In today’s crypto news, Japan’s Financial Services Agency is considering reforms that might permit banks to hold cryptocurrencies such as Bitcoin. Meanwhile, Tornado Cash developer Roman Storm cautions open-source developers about potential retroactive prosecution. Additionally, NFT marketplace OpenSea is transitioning to a multi-asset exchange.
Japan’s FSA considers allowing banks to hold Bitcoin and other cryptocurrencies
The Financial Services Agency (FSA) of Japan is reportedly set to review regulations that could enable banks to acquire and hold cryptocurrencies like Bitcoin for investment.
This shift would signify a significant policy change, as the current supervisory guidelines, updated in 2020, effectively prohibit banks from holding crypto due to associated volatility risks, according to a recent report from Livedoor News.
The FSA is expected to address this reform at an upcoming meeting of the Financial Services Council, which serves as an advisory body to the Prime Minister. The goal is to align crypto asset management with traditional financial products such as stocks and government bonds.

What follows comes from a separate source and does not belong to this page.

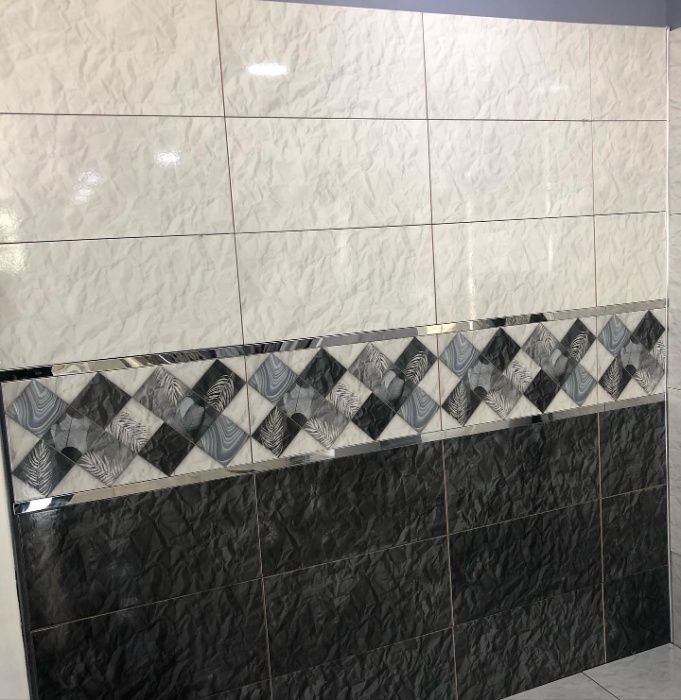 ПРОМО!!! Гранитогрес калиброван ELITE BLACK - 60 x 120cm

Regulators are likely to explore a framework for managing the risks related to cryptocurrency, including significant price fluctuations that could affect a bank’s financial stability. If endorsed, the FSA may implement capital and risk management requirements prior to allowing banks to hold digital assets.
Roman Storm cautions open-source developers about retroactive prosecution
Tornado Cash developer Roman Storm has warned open-source software developers, especially those involved in decentralized finance (DeFi) protocols, that they could face retroactive prosecution from the United States Department of Justice (DOJ).

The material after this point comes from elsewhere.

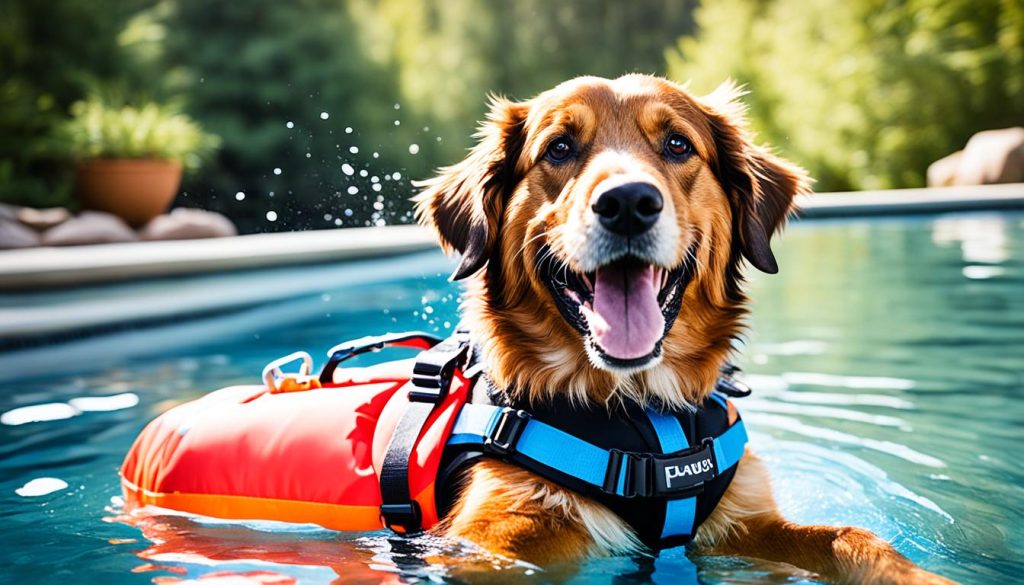 Dog Hydrotherapy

In a post on Saturday via X post: “How can you be so certain you won’t be charged by the DOJ as a money service business (MSB) for creating a non-custodial protocol?”
“If the Southern District of New York (SDNY) can prosecute a developer for designing a non-custodial protocol, who is truly safe? My case is still in progress,” he added.
The outcome of the Roman Storm case carries significant legal ramifications for open-source software development in the U.S., establishing a precarious legal precedent for developers who currently lack protection from prosecution.
OpenSea addresses claims of moving away from NFTs, asserts evolution to ‘trade everything’
OpenSea CEO Devin Finzer has dismissed allegations that the company is shifting its focus from non-fungible tokens (NFTs), stating instead that the marketplace is “evolving” into a comprehensive platform for trading all types of on-chain assets.
In a post on X last Friday, Finzer revealed that OpenSea’s trading volume for October exceeded $2.6 billion, with over 90% attributed to token trading, marking the start of the platform’s evolution to “trade everything.”
“We’re creating a universal interface for the entire on-chain economy — tokens, collectibles, culture, both digital and physical,” Finzer informed Cointelegraph. “The mission is clear: anything that exists on-chain should be tradable on OpenSea, effortlessly across any chain while retaining full control of your assets,” he emphasized.
OpenSea, the first major NFT marketplace launched in 2017 to facilitate the buying, selling, and trading of various non-fungible tokens, held its dominant position in the space until early 2023, when it experienced a decline due to the overall NFT market downturn and competition from Blur.